-------- Input data

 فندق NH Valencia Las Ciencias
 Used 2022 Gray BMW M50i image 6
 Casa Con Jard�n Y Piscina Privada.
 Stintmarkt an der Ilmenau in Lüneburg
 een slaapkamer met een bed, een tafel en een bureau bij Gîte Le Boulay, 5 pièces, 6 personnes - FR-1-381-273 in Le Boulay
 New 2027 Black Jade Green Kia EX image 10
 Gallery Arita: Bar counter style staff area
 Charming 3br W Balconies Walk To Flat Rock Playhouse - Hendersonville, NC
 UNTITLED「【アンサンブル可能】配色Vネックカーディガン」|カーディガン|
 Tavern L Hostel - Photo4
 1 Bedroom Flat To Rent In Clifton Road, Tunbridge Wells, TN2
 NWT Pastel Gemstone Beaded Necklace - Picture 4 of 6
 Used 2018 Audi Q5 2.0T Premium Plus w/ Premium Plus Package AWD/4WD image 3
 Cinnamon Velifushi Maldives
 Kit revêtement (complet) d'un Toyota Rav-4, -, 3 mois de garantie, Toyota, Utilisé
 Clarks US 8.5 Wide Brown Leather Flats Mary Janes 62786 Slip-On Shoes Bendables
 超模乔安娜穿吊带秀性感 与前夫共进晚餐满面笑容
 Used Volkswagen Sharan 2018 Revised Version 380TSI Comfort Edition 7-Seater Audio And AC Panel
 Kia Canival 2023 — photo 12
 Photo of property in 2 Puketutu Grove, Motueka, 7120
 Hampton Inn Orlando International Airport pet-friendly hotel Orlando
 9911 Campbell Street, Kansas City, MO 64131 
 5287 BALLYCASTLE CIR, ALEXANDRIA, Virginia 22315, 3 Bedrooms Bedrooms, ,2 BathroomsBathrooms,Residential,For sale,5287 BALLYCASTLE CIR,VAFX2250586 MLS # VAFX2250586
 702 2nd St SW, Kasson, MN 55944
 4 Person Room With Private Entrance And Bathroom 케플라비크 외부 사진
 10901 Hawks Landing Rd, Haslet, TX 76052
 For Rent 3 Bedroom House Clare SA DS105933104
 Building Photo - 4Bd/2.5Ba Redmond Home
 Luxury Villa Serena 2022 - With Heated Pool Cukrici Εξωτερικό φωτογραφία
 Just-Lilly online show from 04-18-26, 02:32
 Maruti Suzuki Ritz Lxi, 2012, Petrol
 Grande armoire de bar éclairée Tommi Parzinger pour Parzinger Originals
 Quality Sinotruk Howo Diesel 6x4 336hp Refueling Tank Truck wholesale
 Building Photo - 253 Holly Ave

----------------

● **Prompt**:
Out of the data above, set down the lines from the one with "een slaapkamer met" to the one with "For Rent 3 Bedroom", both included, exactly as written and with no additions.

● **Task response**:
 een slaapkamer met een bed, een tafel en een bureau bij Gîte Le Boulay, 5 pièces, 6 personnes - FR-1-381-273 in Le Boulay
 New 2027 Black Jade Green Kia EX image 10
 Gallery Arita: Bar counter style staff area
 Charming 3br W Balconies Walk To Flat Rock Playhouse - Hendersonville, NC
 UNTITLED「【アンサンブル可能】配色Vネックカーディガン」|カーディガン|
 Tavern L Hostel - Photo4
 1 Bedroom Flat To Rent In Clifton Road, Tunbridge Wells, TN2
 NWT Pastel Gemstone Beaded Necklace - Picture 4 of 6
 Used 2018 Audi Q5 2.0T Premium Plus w/ Premium Plus Package AWD/4WD image 3
 Cinnamon Velifushi Maldives
 Kit revêtement (complet) d'un Toyota Rav-4, -, 3 mois de garantie, Toyota, Utilisé
 Clarks US 8.5 Wide Brown Leather Flats Mary Janes 62786 Slip-On Shoes Bendables
 超模乔安娜穿吊带秀性感 与前夫共进晚餐满面笑容
 Used Volkswagen Sharan 2018 Revised Version 380TSI Comfort Edition 7-Seater Audio And AC Panel
 Kia Canival 2023 — photo 12
 Photo of property in 2 Puketutu Grove, Motueka, 7120
 Hampton Inn Orlando International Airport pet-friendly hotel Orlando
 9911 Campbell Street, Kansas City, MO 64131 
 5287 BALLYCASTLE CIR, ALEXANDRIA, Virginia 22315, 3 Bedrooms Bedrooms, ,2 BathroomsBathrooms,Residential,For sale,5287 BALLYCASTLE CIR,VAFX2250586 MLS # VAFX2250586
 702 2nd St SW, Kasson, MN 55944
 4 Person Room With Private Entrance And Bathroom 케플라비크 외부 사진
 10901 Hawks Landing Rd, Haslet, TX 76052
 For Rent 3 Bedroom House Clare SA DS105933104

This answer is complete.